Dentre tantos momentos como aquele, brilho em “Só louco”, que fez sucesso como tema de novela. Poucos antes de Caymmi morrer, fez dois belíssimos discos com a obra dele:
“O mar e o tempo” (2002) e “Quem inventou o amor” (2007). Acreditava que o pai seria esquecido e dizia que tinha como missão cantá-lo.
Foi das melhoras tradutoras de outras obras.
Da de Milton Nascimento, em “Ponta de areia”, “Cais”, “Clube da esquina nº 2”, “Fruta boa” etc – sem esquecer “Sentinela”, em que ela emocionava à capela. De Tom Jobim e Vinicius de Moraes, juntos ou separados, “Derradeira primavera”, “Medo de amar”, “Canção em modo menor”, “Por a toda minha vida” etc.
Ainda foi muito importante na difusão de trabalhos de contemporâneos como João Bosco, Ivan Lins e Sueli Costa.
Se fôssemos eleger um terreno que Nana dominava como ninguém, este era o dos sambas-canção – tristes, cortantes.
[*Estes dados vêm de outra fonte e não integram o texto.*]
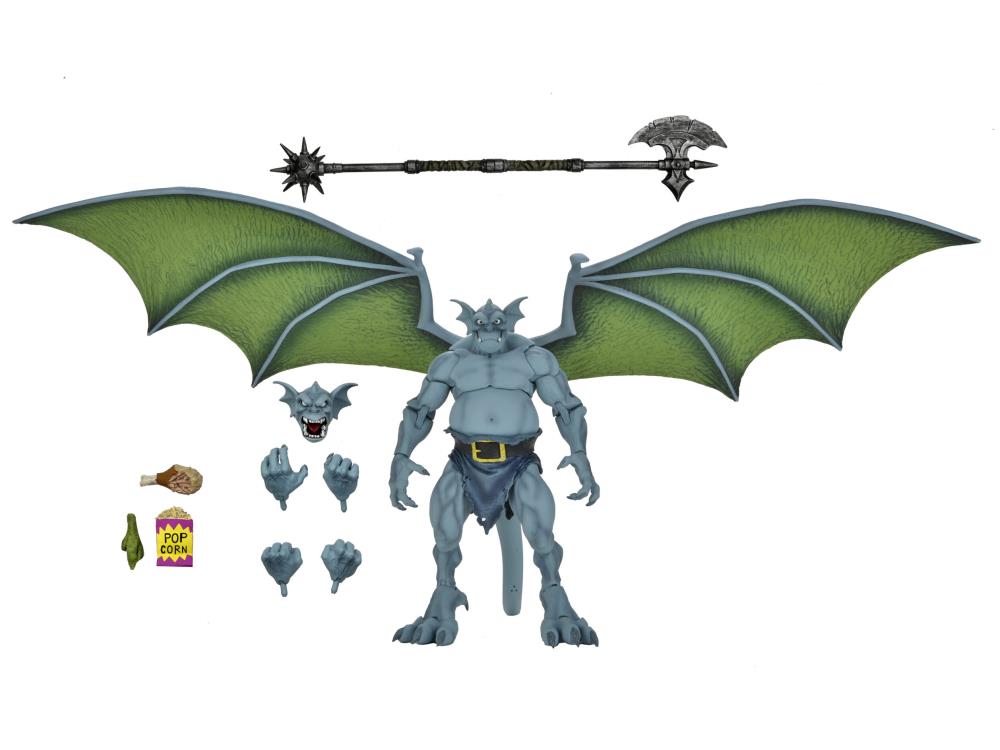 Gargoyles - Broadway - NECA – eCollectibles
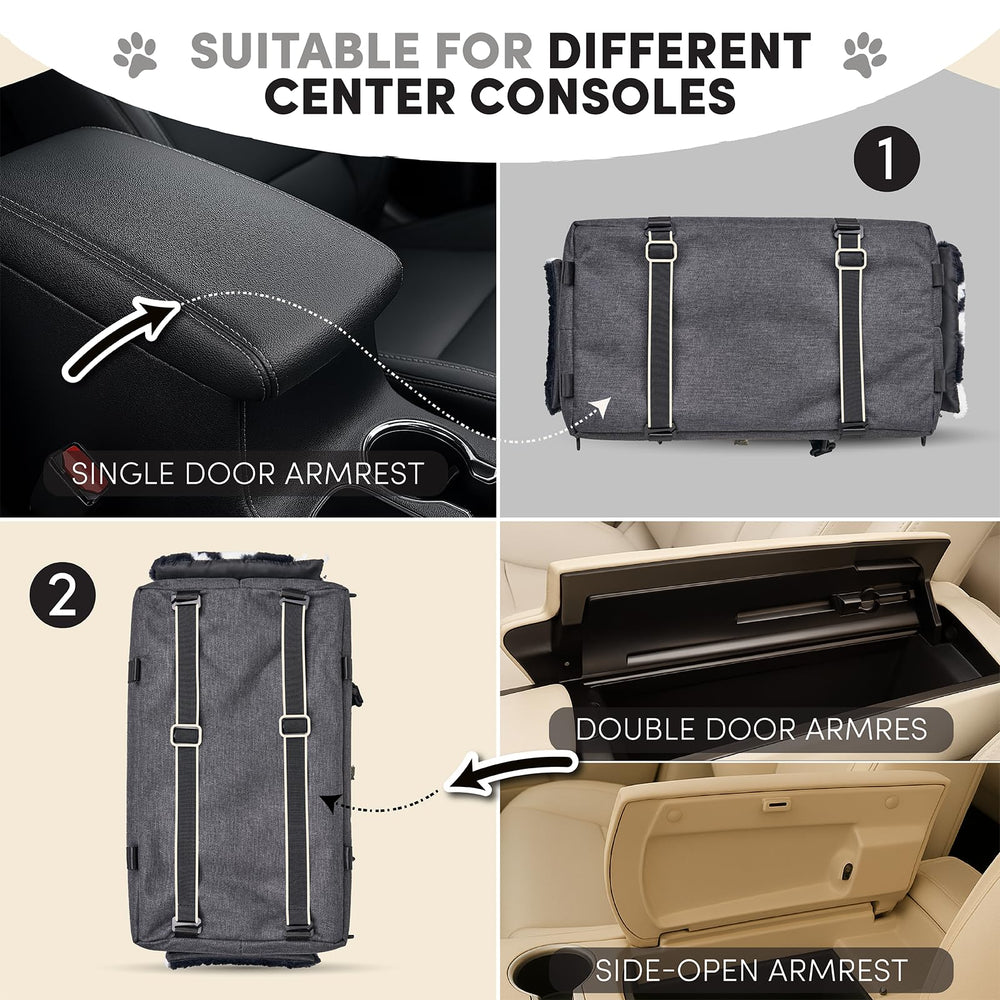 BurgeonNest 2-in-1 design serves as travel bag and indoor bed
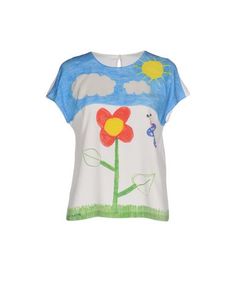Блузка Dolce & Gabbana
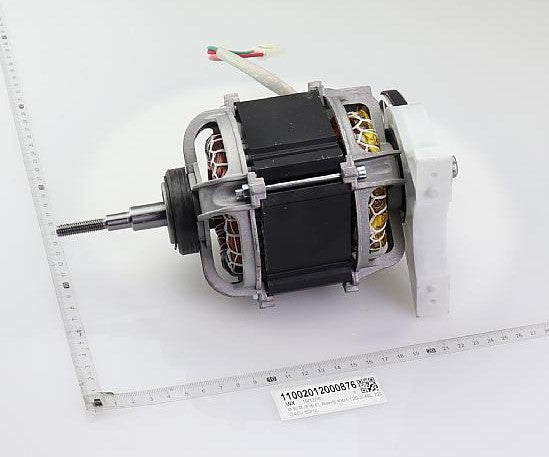 Single phase asynchronous motor - DMDHP70 MDC70-CH03/B06-AU(6) MDS70-CH05/B08-AU(6) - Laundry Accessory - P11002012000876-2 - NZ DEPOT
Antes de todos, os do pai, como “Nem eu”, “Não tem solução” e “Você não sabe amar”. Mas, também, os lançados por outros no ado, como “Canção da manhã feliz” (Haroldo Barbosa e Luiz Reis), “Amargura” (Radamés Gnattali e Alberto Ribeiro) – num arranjo de seu irmão Dori Caymmi que fez Radamés chorar – e “Neste mesmo lugar” (Armando Cavalcanti e Klécius Caldas).
Dois discos são fundamentais para registrar sua excelência nessa área:
“Voz e suor” (1983), acompanhada apenas pelo piano de Cesar Camargo Mariano (forte candidato ao melhor item da discografia da cantora), e “A noite do meu bem – As canções de Dolores Duran” (1994), no qual, entre interpretações que beiram as definitivas, está o seu duo com Tom Jobim, absurdo de tão delicado, em “Por causa de você”.
Essa característica, de uma cantora que fazia sofrer e não fazia concessões a interesses comerciais, a deixava com menores chances de emplacar grandes sucessos.
Mas conquistou alguns graças a produções de TV, e aí se destaca “Resposta ao tempo” (1998), de Cristovão Bastos – o pianista que costumava acompanhá-la em shows – e Aldir Blanc.
O bolero nem seria o tema de abertura da série “Hilda Furacão”, mas virou em cima da hora e se tornou um standard da trajetória dela e da música brasileira.
Fez o disco “Bolero” em 1993, aproveitado seu domínio do espanhol, ela que morou na Venezuela nos anos 1960 com o pai de seus três filhos. Mas sua praia era mesmo a língua portuguesa, na qual exibiu maestria até os últimos trabalhos, como em “Nana Caymmi canta Tito Madi” (2019), mais uma coleção de sambas-canção.
Não está claro se ela deixará herdeiras. Mônica Salmaso tem semelhanças, mas, como toda grande cantora, identidade própria.
Nana foi única, inclusive no seu jeito desbocado, até grosseiro, de opinar sobre assuntos e pessoas. Sobretudo, porém, na forma de cantar o amor, o desamor, o melhor que os compositores brasileiros puderam criar. E o que fica é a música.